Why Deflate-gate won’t change a thing

Former NFL and CFL quarterback Jeff Garcia joins Sid Seixeiro to talk about whether deflating a football would benefit in rainy conditions and more on the latest scandal to rock the New England Patriots.

This is the part where one lowly football writer says, “No more.” This is the time when sportsnet.ca’s NFL editor rises up against the tyranny of Hot Takes on the reports that the New England Patriots were caught using deflated balls during the AFC Championship game and screams from the digital rooftops, “Who cares?”

This is the rant you send to whomever you know who has worked themselves into a lather over what essentially amounts to missing air.

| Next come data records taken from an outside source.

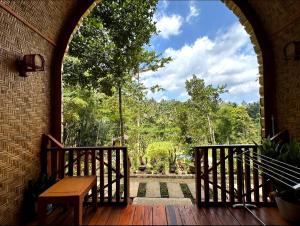 an arched entry way to a porch with a bench at Tetebatu flower in Tetebatu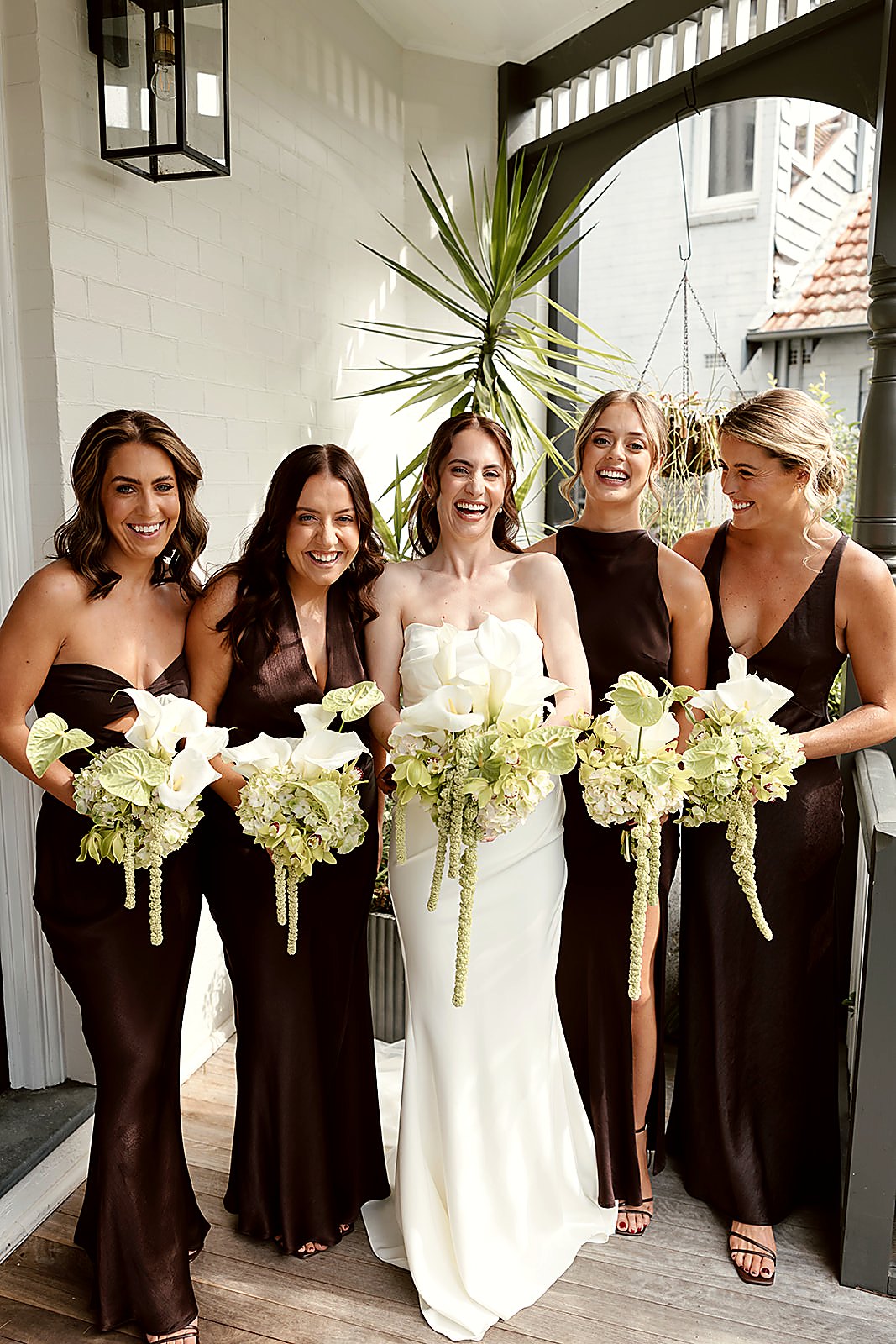 Bridesmaids in chocolate silk with white and green bouquets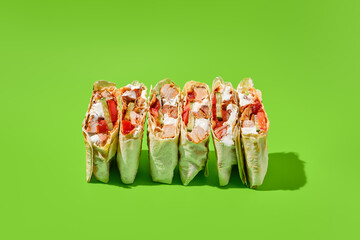 Shawarma with vegetables and meat on green background. Contemporary poster with shawarma. Doner...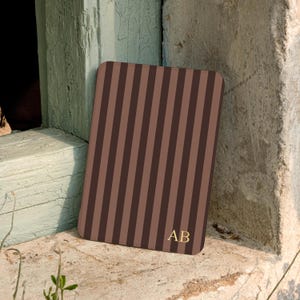 May include: A rectangular brown case with vertical stripes in varying shades of brown. The initials "AB" are in gold at the bottom right corner. The case is leaning against a weathered, light green wooden frame and a stone surface.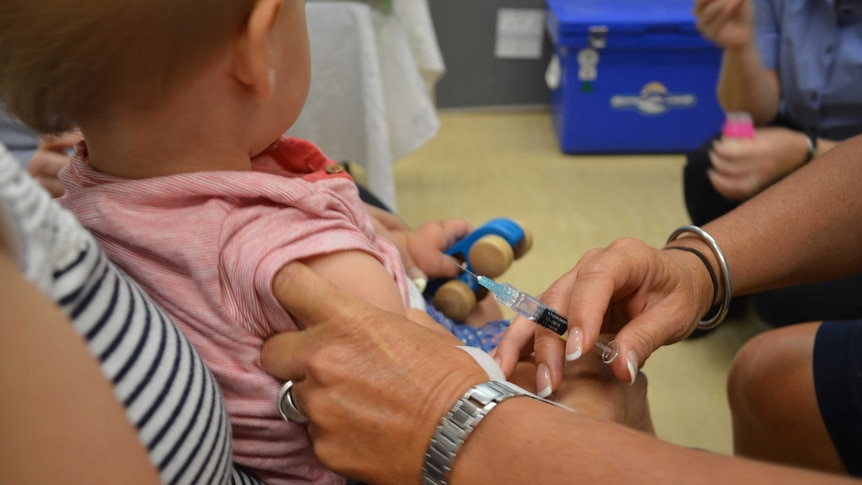 A nurse prepares to give a needle to a baby being held by a woman in a dimly-lit hospital room.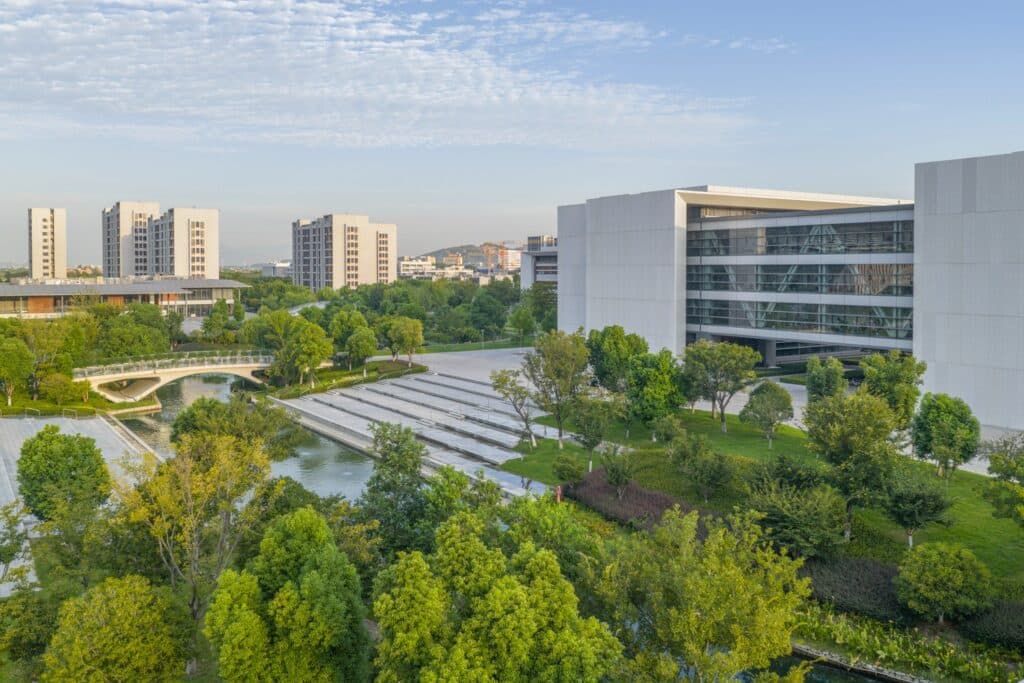 Aerial view of West Lake University campus showing interconnected academic and residential buildings surrounded by greenery.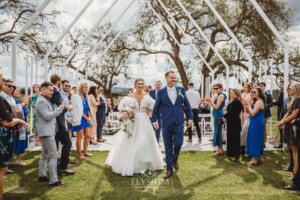 A couple walk the aisle after their Camden wedding ceremony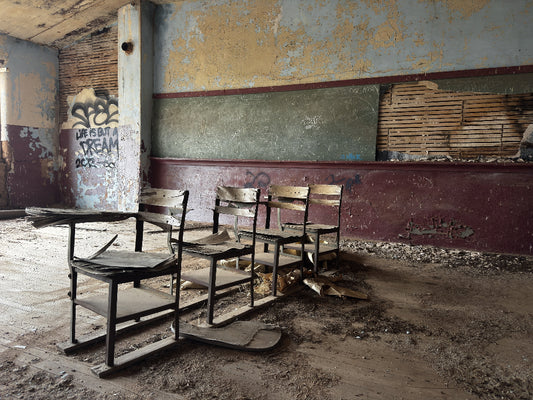 A set of old wooden classroom desks and chairs in a derelict, abandoned room with peeling paint, a chalkboard, graffiti, and a dusty concrete floor.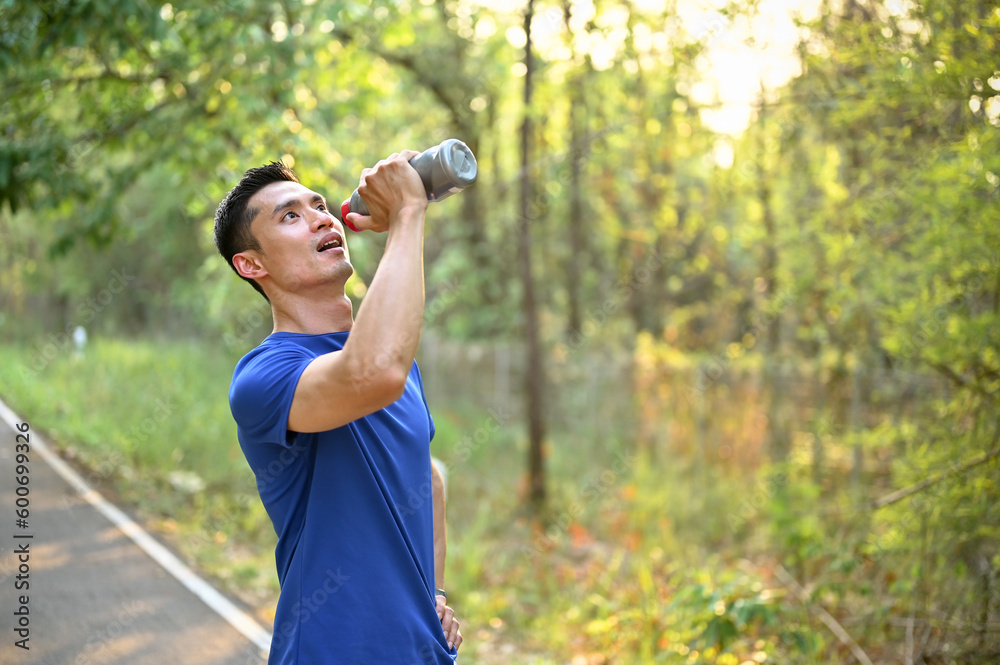 Thirsty and tired Asian male runner in sportswear drinks water from a bottle while running Thirsty and tired Asian male runner in sportswear drinks water from a bottle while running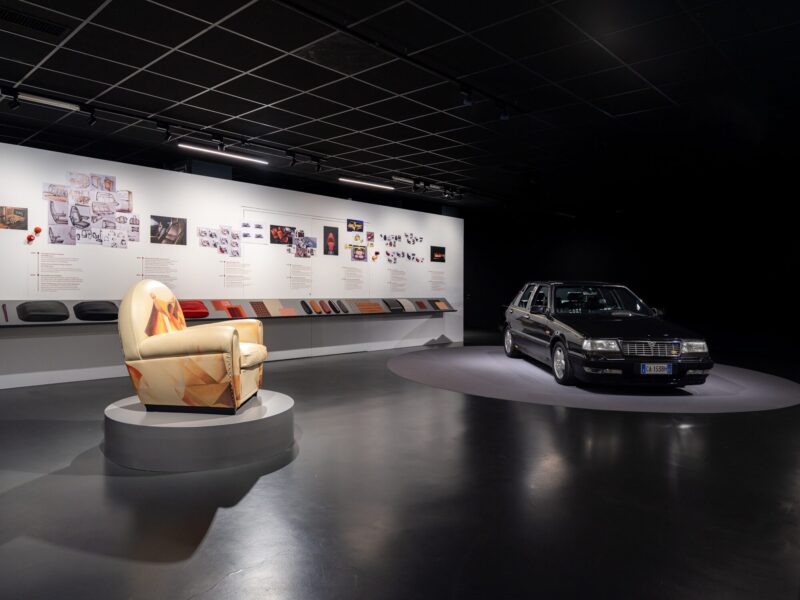 Sala della mostra Abitare l'automobile con la poltrona dalla fantasia astratta multicolore e un'auto d'epoca nera esposte su piedistalli, davanti a una parete di bozzetti di design
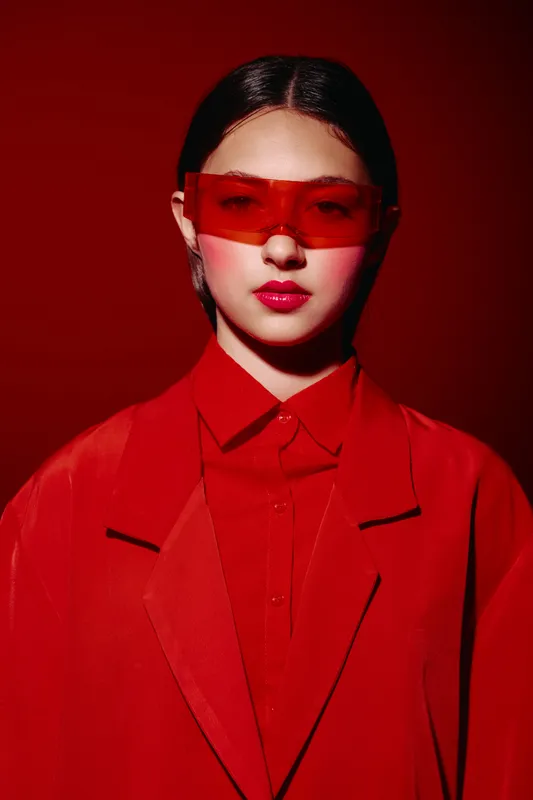 Young woman in red coat and giant sunglasses poses with slick hair and striking lip gloss on red background. Photo concept of beauty creative fashion and bold style.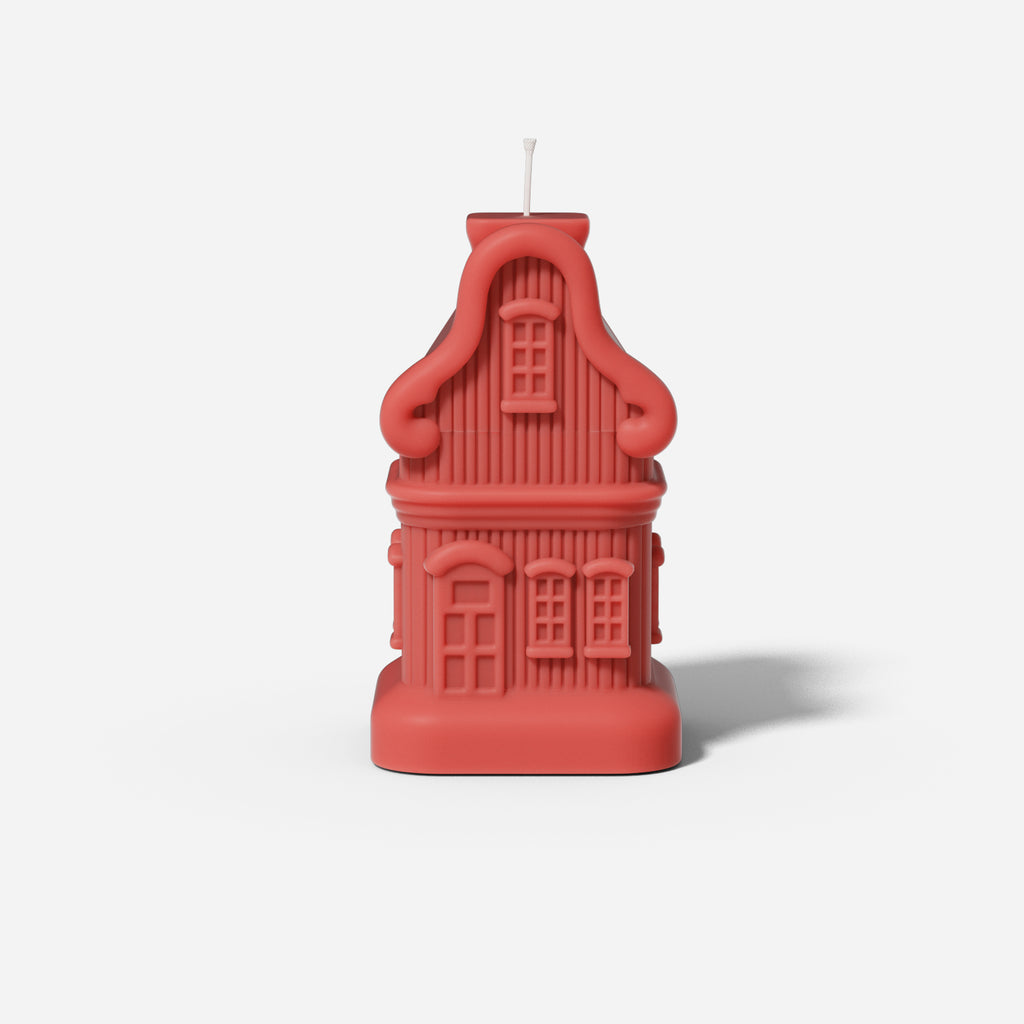 Red house candle made from silicone mold, designed by Boowan Nicole.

Chill out. It changes nothing.

You might be a Patriots hater, and upset that this team is able to seemingly bend the rules and keep itself atop of the NFL heap through sheer trickery. You might be a Patriots fan, angry that your coach has once again allegedly overshadowed his team’s superlative on-field play with his sinister skullduggery.

You might be just a poor, tired, beleaguered football fan, who has spent a full season now — literally from beginning to (almost) end — talking about off-field scandal and front-office sideshows instead of the game that you love.

You might just be a columnist somewhere who is grateful for the story to fill space in an often boring week before the week before the Super Bowl.

If you are any of these people, I empathize and understand. But also, it doesn’t matter. The #DeflateGate Scandal, as it has been dubbed, did not change the outcome of an important game in any perceptible way, nor does it tell you anything about any party involved that you did not already know.

Was every football inflated to the exact same degree, would the Colts have won the AFC Championship? Let’s let Colts TE Dwayne Allen answer that one himself. Take it away, Dwayne:

Dwayne Allen on Twitter

Yep. That’s about right.

Did it take this scandal to convince you that Bill Belichick was an evil genius who would stoop to whatever degree he thought necessary to secure a win?

It probably shouldn’t have, since that’s happened before — and not just with Spygate, the last Patriots “-gate” that proved the levels to which he would descend if he deemed it possible. Belichick also routinely lists, like, half of his players on the injury report every week, and makes a mockery of the local media’s attempt to get him to tell the truth about his team.

Again, none of these things are illegal, at all — except by NFL rules — they just illustrate the character of a man who has a singular focus: Achieving victory for the New England Patriots. Everything else — the normal standards of football decency, character questions, NFL protocol — is secondary.

So yeah, no shocker.

Did it also take this scandal — and the fine and draft pick penalty likely to be handed out if the NFL concludes the Patriots cheated — to convince you that Roger Goodell is reacting far more than acting? That he is a man desperately trying to maintain some semblance of order as he governs a league that seems to sprout two fires for every one he somehow manages to extinguish? Had you completely forgotten the events of, oh, about four months ago?

Did it also shock you that fans of a team will find ways to excuse their misdeeds? Or that fans of teams who have lost to that team will find ways to disparage or even disqualify their victories?

Really? It did? Then you must also be shocked to have learned, like, a few days ago, that football causes concussions. Welcome to 2015. Happy new year.

It’s the ultimate tempest in a teapot. A seemingly big story with very little real impact that occurs in eye of the sports world’s biggest media hurricane.

The bottom line here is context. In the context of the larger and much more serious issues the league as a whole has faced this year; in the context of Belichick’s lengthy history of doing anything within his power to get the all-important ‘W’; in context of Goodell’s failure to enforce a consistent level of discipline; and in, most importantly, the overall context of the actual game on the field, which ended 45-to-freaking-7…who cares?

So why write this story? Because some people need to let things go. Because sometimes the sports world needs a cold take.